[Record excerpts — start]

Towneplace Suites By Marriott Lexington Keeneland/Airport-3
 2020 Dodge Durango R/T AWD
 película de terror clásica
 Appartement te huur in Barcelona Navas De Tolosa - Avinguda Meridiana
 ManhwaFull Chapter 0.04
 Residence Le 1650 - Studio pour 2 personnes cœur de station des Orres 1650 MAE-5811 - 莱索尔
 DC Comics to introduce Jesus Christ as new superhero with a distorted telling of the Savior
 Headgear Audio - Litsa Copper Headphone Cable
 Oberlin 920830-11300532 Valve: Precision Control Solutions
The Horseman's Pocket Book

[Record excerpts — finish]

» **Problem requirements**:
Set down all the data exactly as given.

» **Task result**:
Towneplace Suites By Marriott Lexington Keeneland/Airport-3
 2020 Dodge Durango R/T AWD
 película de terror clásica
 Appartement te huur in Barcelona Navas De Tolosa - Avinguda Meridiana
 ManhwaFull Chapter 0.04
 Residence Le 1650 - Studio pour 2 personnes cœur de station des Orres 1650 MAE-5811 - 莱索尔
 DC Comics to introduce Jesus Christ as new superhero with a distorted telling of the Savior
 Headgear Audio - Litsa Copper Headphone Cable
 Oberlin 920830-11300532 Valve: Precision Control Solutions
The Horseman's Pocket Book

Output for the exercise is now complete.